BEGIN DATA
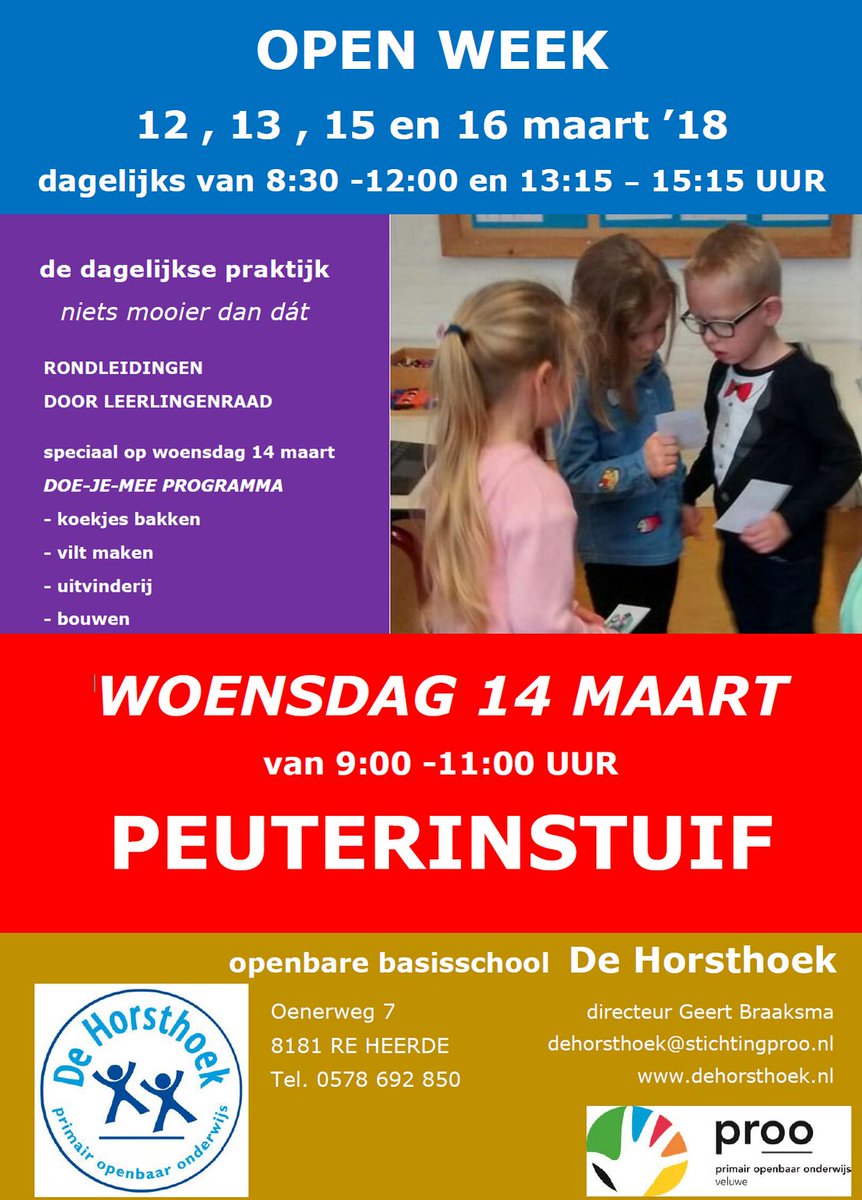 Welkom op de Horsthoekschool
Open week op 12,13, 15 &amp; 16 maart
Peuterinstuif woensdag 14 maart van 09.00 - 11.00 uur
END DATA
● **PROBLEM TO SOLVE**
Reply with every line of the listing that has the string "maart".

● **RESPONSE BOX**
Open week op 12,13, 15 &amp; 16 maart
Peuterinstuif woensdag 14 maart van 09.00 - 11.00 uur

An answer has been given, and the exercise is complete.